Task directions >> Exactly the lines from the one containing "전 세계에서 가장 많이 팔린 자동차는 테슬라 모델Y" through the one containing "hummel Shorts Sportlicher" in the listing below are to be copied, with the pictures left out.

Start of Data for this task

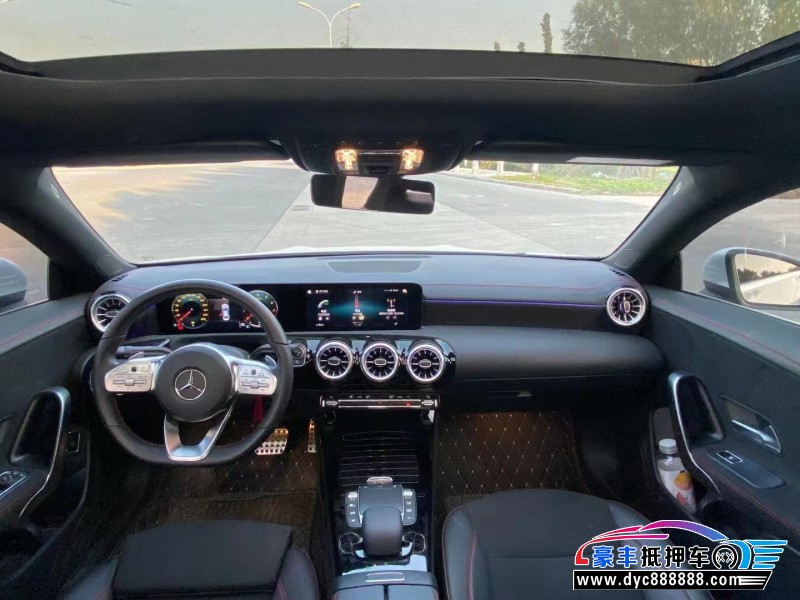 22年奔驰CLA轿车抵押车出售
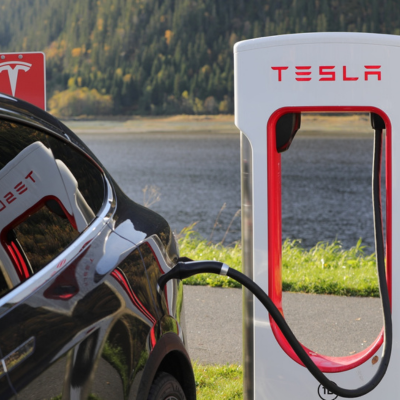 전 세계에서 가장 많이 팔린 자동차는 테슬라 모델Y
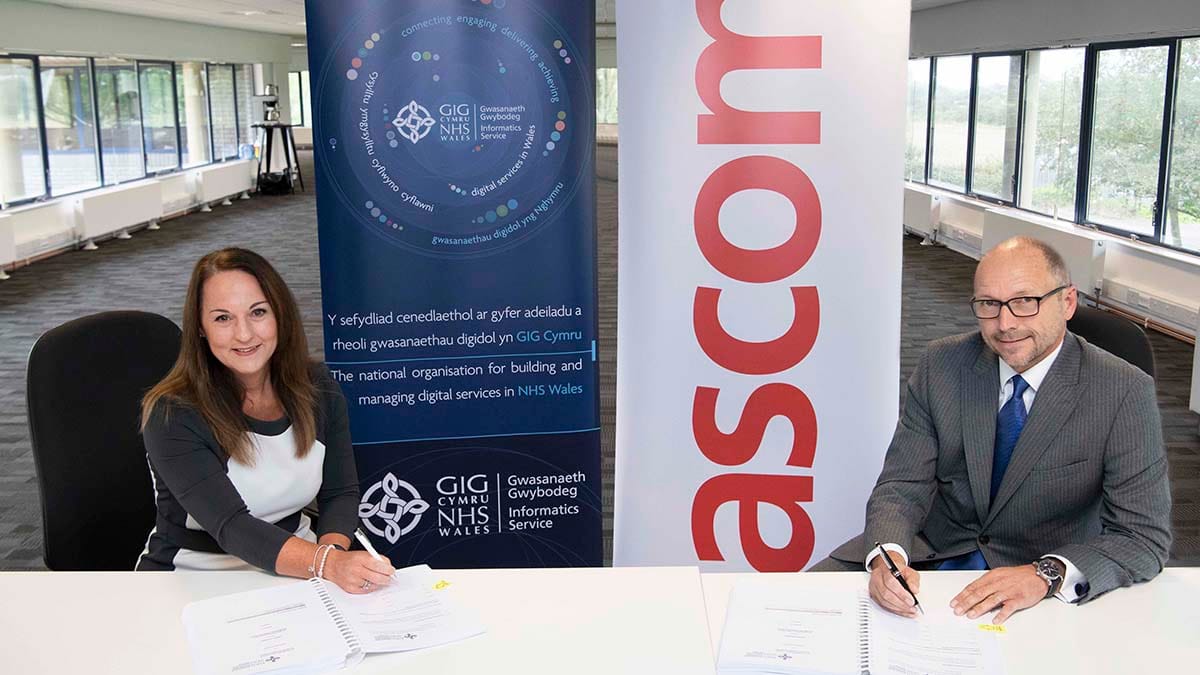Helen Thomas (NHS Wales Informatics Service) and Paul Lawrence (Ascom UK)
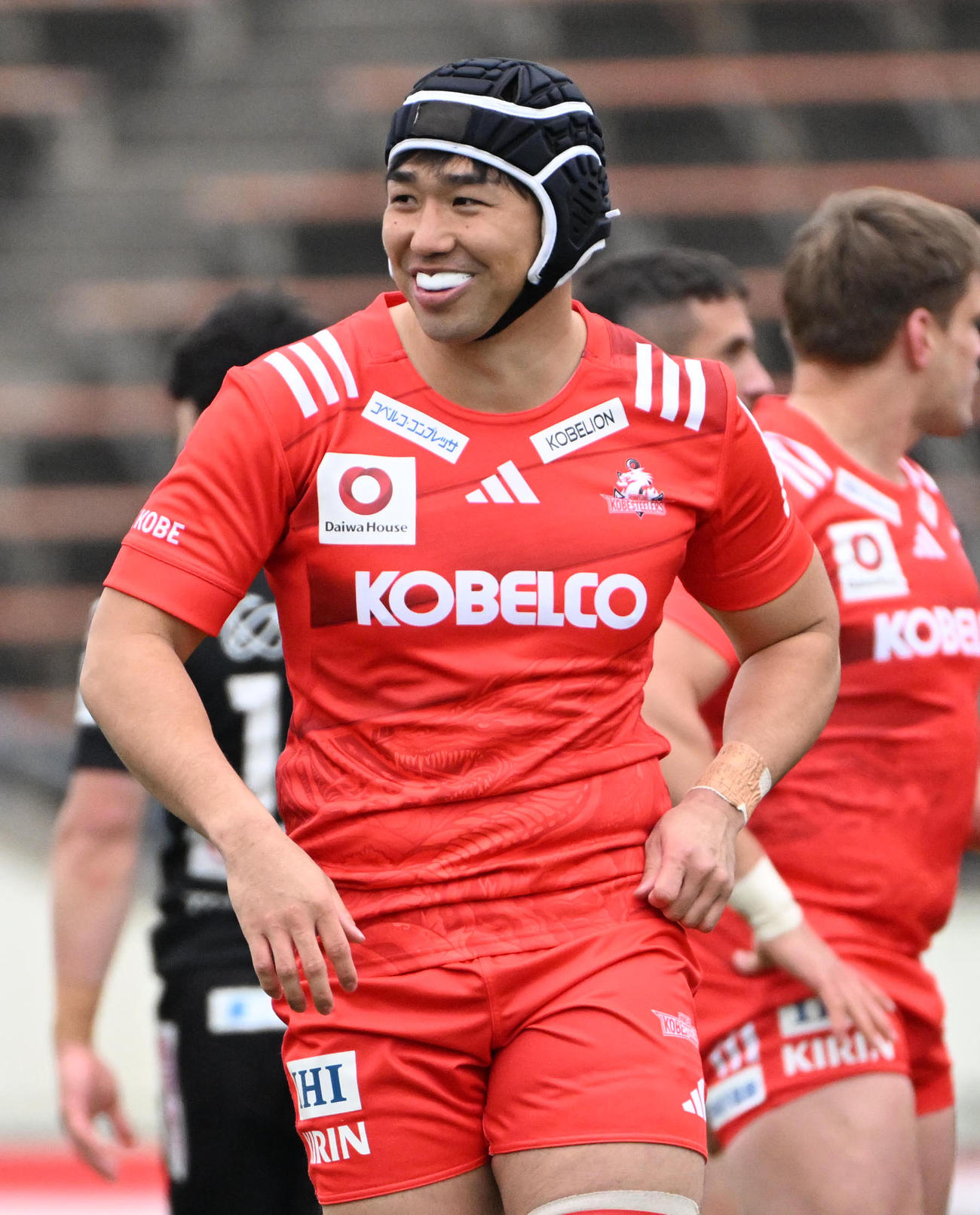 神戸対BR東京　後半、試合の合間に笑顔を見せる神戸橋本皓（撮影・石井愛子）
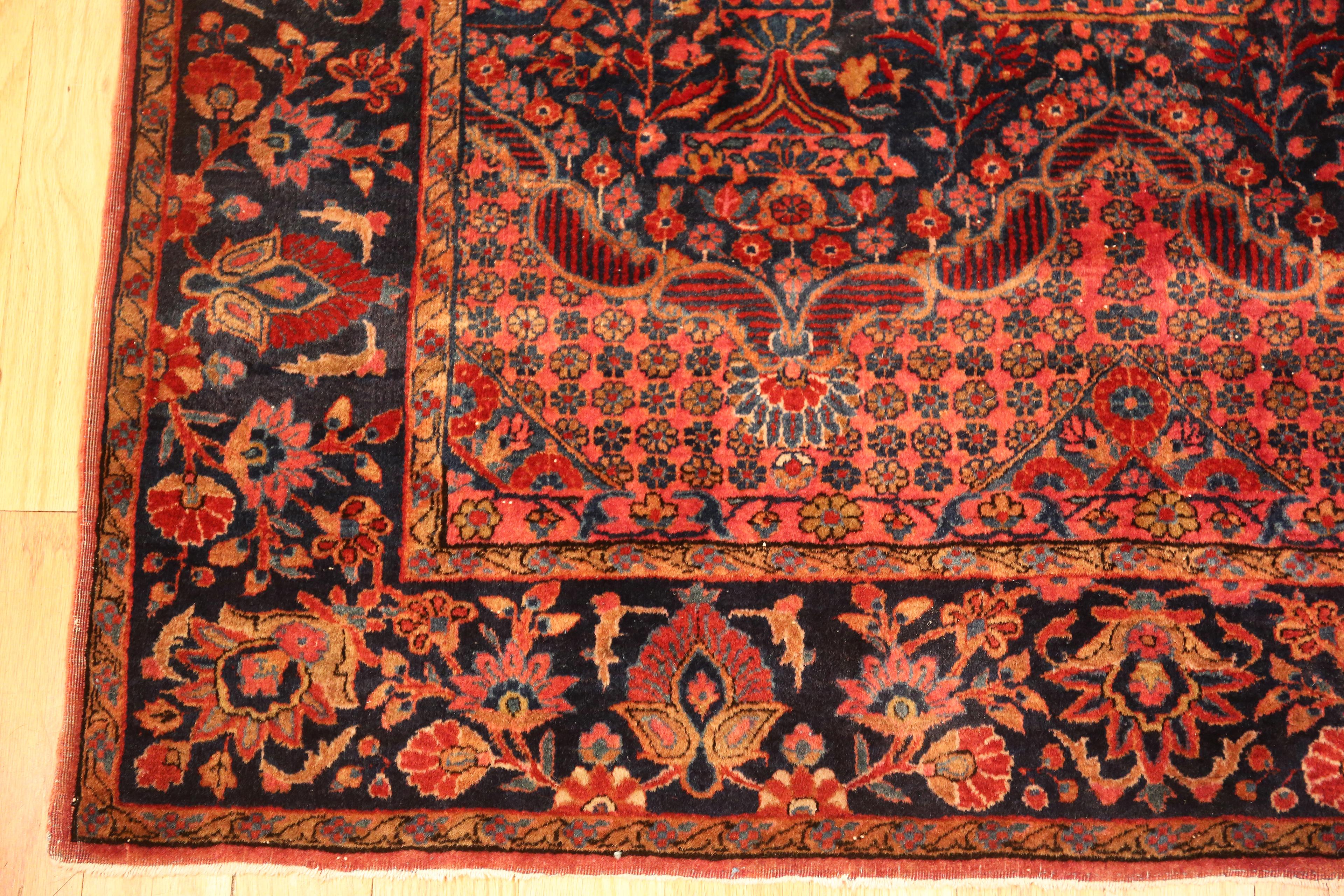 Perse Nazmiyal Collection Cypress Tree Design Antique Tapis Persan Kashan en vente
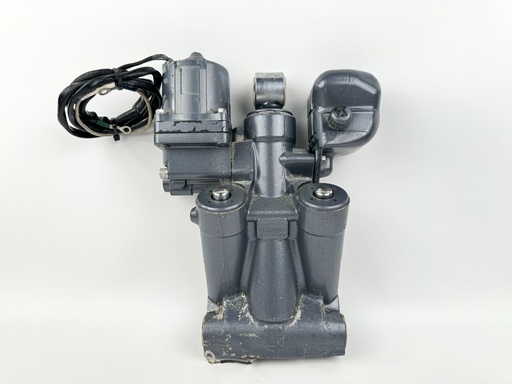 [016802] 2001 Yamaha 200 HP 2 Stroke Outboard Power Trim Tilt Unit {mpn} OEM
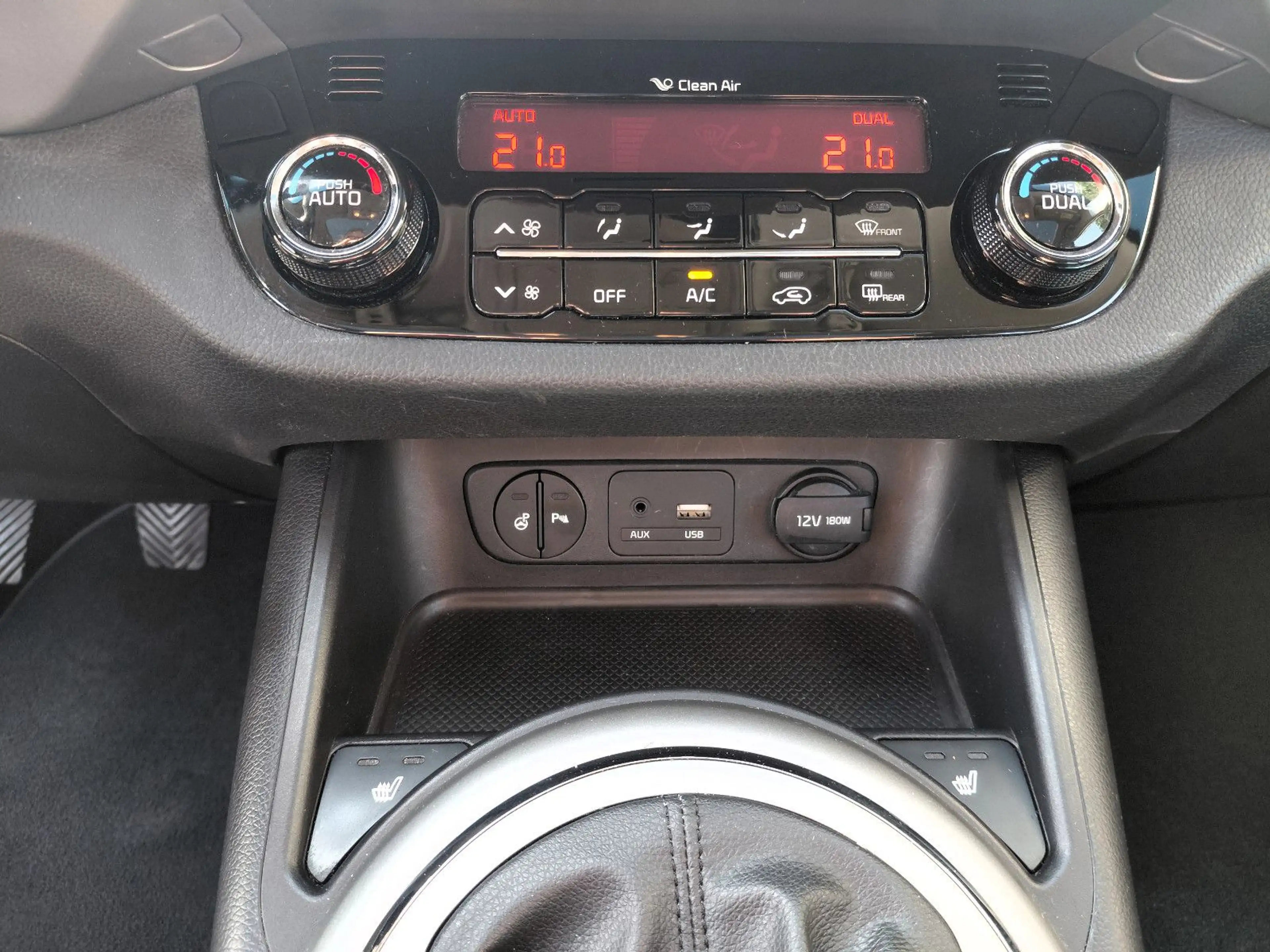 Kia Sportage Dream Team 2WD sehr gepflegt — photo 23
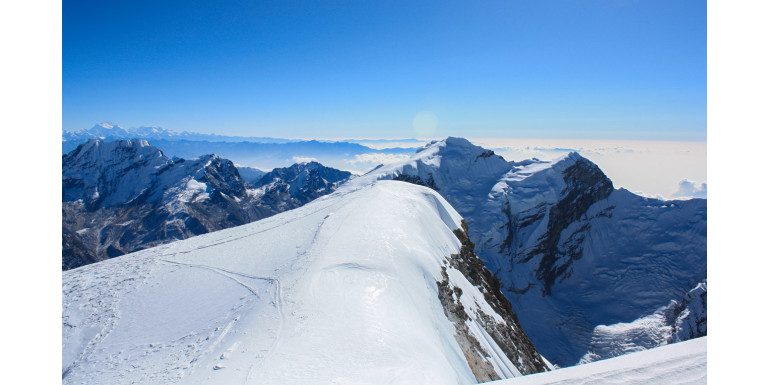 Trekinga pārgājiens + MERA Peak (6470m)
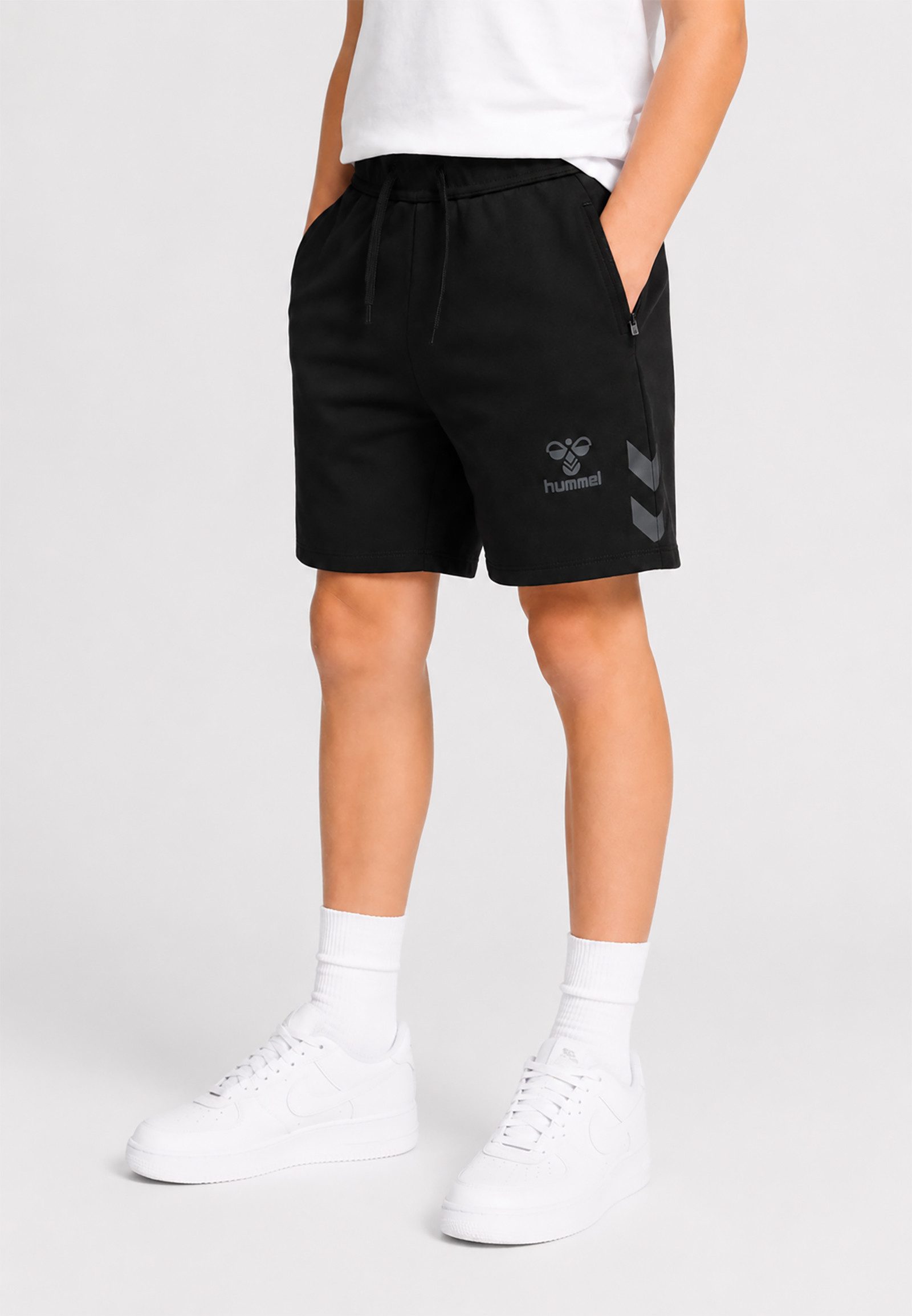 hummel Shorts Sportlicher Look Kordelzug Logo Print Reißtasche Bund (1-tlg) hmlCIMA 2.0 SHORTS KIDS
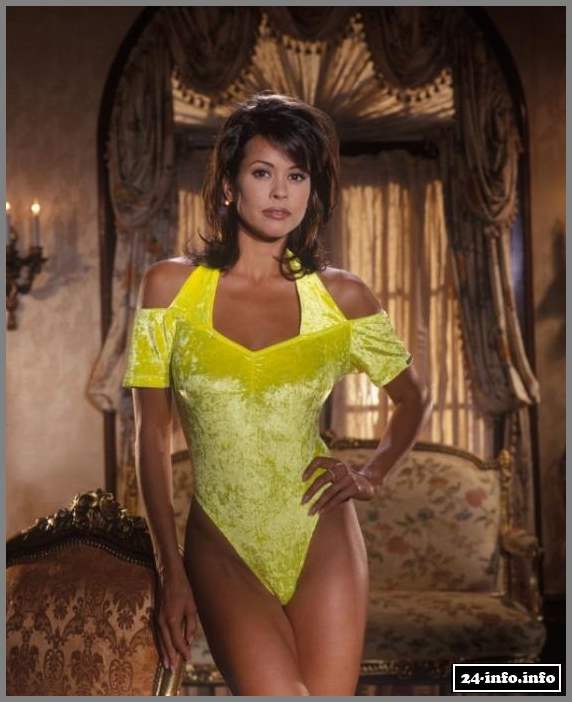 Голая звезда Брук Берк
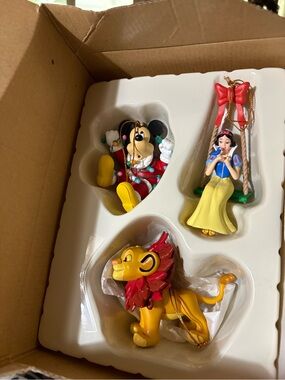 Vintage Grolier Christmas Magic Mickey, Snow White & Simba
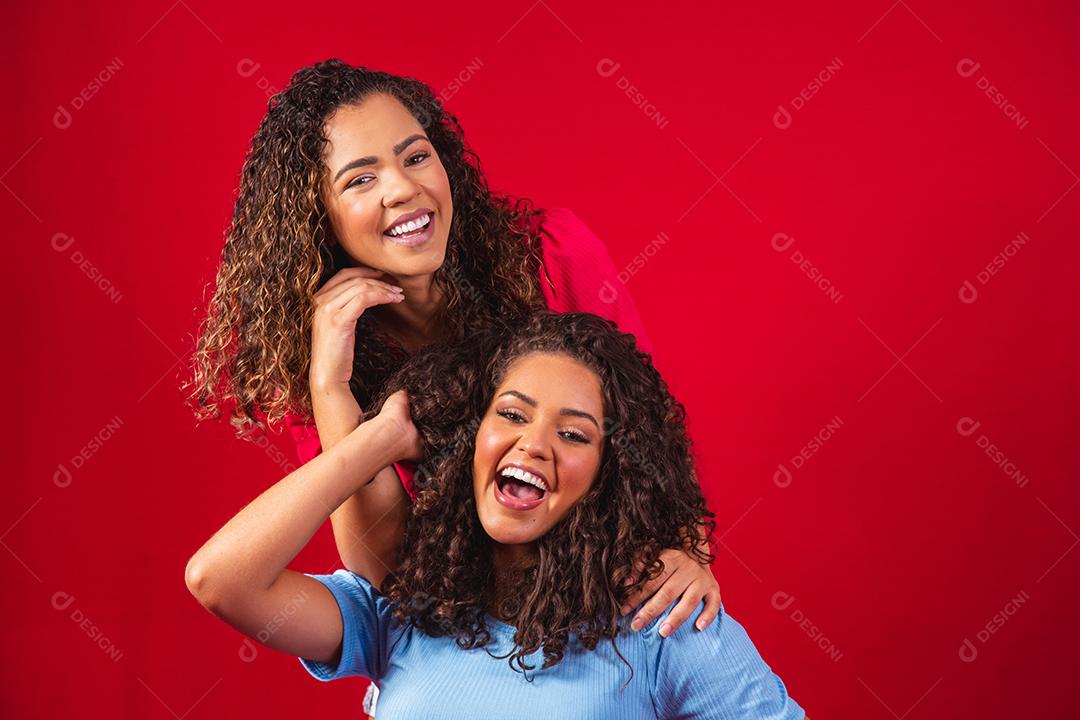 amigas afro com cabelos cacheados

End of Data for this task

Output below >>
 전 세계에서 가장 많이 팔린 자동차는 테슬라 모델Y
Helen Thomas (NHS Wales Informatics Service) and Paul Lawrence (Ascom UK)
 神戸対BR東京　後半、試合の合間に笑顔を見せる神戸橋本皓（撮影・石井愛子）
 Perse Nazmiyal Collection Cypress Tree Design Antique Tapis Persan Kashan en vente
 [016802] 2001 Yamaha 200 HP 2 Stroke Outboard Power Trim Tilt Unit {mpn} OEM
 Kia Sportage Dream Team 2WD sehr gepflegt — photo 23
 Trekinga pārgājiens + MERA Peak (6470m)
 hummel Shorts Sportlicher Look Kordelzug Logo Print Reißtasche Bund (1-tlg) hmlCIMA 2.0 SHORTS KIDS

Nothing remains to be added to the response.